This invention relates to an improved method of casting, and more particularly, directional solidification where the rate of withdrawal is purposefully varied, together with articles made by the improved process.
Directional solidification is a process for producing metal articles with aligned structures and resultant advantageous mechanical properties. The apparatus and methods for forming directional solidified articles are well documented in the literature. The most preferred from a commercial standpoint is the withdrawal technique in which a mold, after pouring, is vertically withdrawn from within a furnace hot zone into a cold zone at a rate which causes a solidification interface to move uniformly upward within the casting along its principal stress axis. Past improvements in the withdrawal technique have related to control of the hot zone temperatures, the spatial disposition of the chill plate means, baffling between the hot zone and the cold zone, and increasing the rate of heat loss which occurs in the cold zone. In the past it has been the practice to withdraw castings from the hot zone at a uniform rate, or stationary periods in alternation with a uniform rate as described in Giamei et al, U.S. Pat. No. 3,700,023.

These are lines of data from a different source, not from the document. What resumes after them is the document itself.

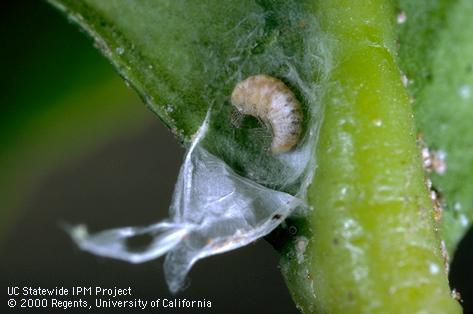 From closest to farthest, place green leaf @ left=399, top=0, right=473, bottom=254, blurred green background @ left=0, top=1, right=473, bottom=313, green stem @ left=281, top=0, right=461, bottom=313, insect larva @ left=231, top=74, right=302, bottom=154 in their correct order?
green stem @ left=281, top=0, right=461, bottom=313 < insect larva @ left=231, top=74, right=302, bottom=154 < green leaf @ left=399, top=0, right=473, bottom=254 < blurred green background @ left=0, top=1, right=473, bottom=313

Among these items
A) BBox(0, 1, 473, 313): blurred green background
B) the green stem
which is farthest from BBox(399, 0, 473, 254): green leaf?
BBox(0, 1, 473, 313): blurred green background

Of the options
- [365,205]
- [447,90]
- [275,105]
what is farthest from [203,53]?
[447,90]

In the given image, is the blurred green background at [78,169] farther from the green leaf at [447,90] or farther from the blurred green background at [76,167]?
the green leaf at [447,90]

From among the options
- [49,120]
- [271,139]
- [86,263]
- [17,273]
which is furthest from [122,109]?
[271,139]

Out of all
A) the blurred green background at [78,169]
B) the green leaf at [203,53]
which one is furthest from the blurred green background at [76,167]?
the green leaf at [203,53]

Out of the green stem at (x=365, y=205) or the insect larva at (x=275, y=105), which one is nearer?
the green stem at (x=365, y=205)

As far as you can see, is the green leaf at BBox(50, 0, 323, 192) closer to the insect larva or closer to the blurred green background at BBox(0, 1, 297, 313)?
the insect larva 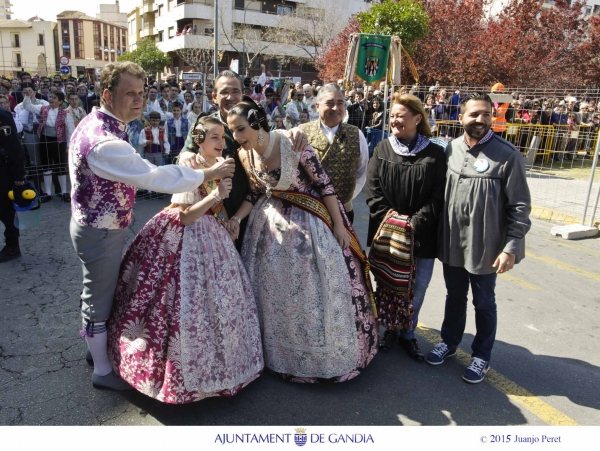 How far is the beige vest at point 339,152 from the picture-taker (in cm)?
352

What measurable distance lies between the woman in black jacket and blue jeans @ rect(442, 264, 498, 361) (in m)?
0.21

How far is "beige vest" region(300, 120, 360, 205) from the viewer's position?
3521mm

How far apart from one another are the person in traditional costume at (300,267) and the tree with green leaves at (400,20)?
1516 centimetres

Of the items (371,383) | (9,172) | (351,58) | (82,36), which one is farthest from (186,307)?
(82,36)

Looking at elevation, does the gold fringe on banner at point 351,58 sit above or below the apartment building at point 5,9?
below

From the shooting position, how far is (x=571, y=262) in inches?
227

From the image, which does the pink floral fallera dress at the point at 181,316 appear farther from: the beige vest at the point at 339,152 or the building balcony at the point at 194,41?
the building balcony at the point at 194,41

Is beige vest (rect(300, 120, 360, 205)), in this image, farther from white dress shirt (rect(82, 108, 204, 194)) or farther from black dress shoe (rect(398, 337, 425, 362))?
white dress shirt (rect(82, 108, 204, 194))

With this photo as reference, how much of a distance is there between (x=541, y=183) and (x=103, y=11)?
10531cm

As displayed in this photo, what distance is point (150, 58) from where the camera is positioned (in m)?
41.7

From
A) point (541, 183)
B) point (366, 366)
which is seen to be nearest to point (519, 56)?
point (541, 183)

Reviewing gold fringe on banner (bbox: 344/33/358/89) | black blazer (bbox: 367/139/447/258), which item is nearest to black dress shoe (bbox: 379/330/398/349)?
black blazer (bbox: 367/139/447/258)

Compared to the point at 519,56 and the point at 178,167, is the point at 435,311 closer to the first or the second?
the point at 178,167

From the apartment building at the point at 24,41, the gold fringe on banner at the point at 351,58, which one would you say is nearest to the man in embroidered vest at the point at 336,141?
the gold fringe on banner at the point at 351,58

The optimum rate of withdrawal is a function of the configuration of the apparatus, the configuration and composition of the mold, the solidification characteristics of the metal alloy, the microstructure sought in the casting, and economic considerations. One of the most significant relationships is that between the temperature gradient, G, and the solidification rate, R. Generally, it is found with most eutectic superalloys to which directional solidification is applied that the G/R ratio must exceed a characteristic value for each alloy; this critical value is designated (G/R)*. Most commonly, this value is equal to the ratio .DELTA.T/D, where .DELTA.T represents the alloy melting range and D represents the effective diffusion coefficient of solute atoms in the liquid metal. It follows that, to maximize the permissible solidification rate and thereby increase production and minimize metalmold reaction, it is desirable to increase the temperature gradient G in the molten metal. An advantageous method for doing this is that described in Tschinkel et al U.S. Pat. No. 3,763,926 and Tschinkel et al U.S. Pat. No. 3,915,761, both of the present assignee, where the mold is withdrawn to be immersed in molten metal as it passes into the cold zone; this technique is called Liquid Metal Cooling, or LMC.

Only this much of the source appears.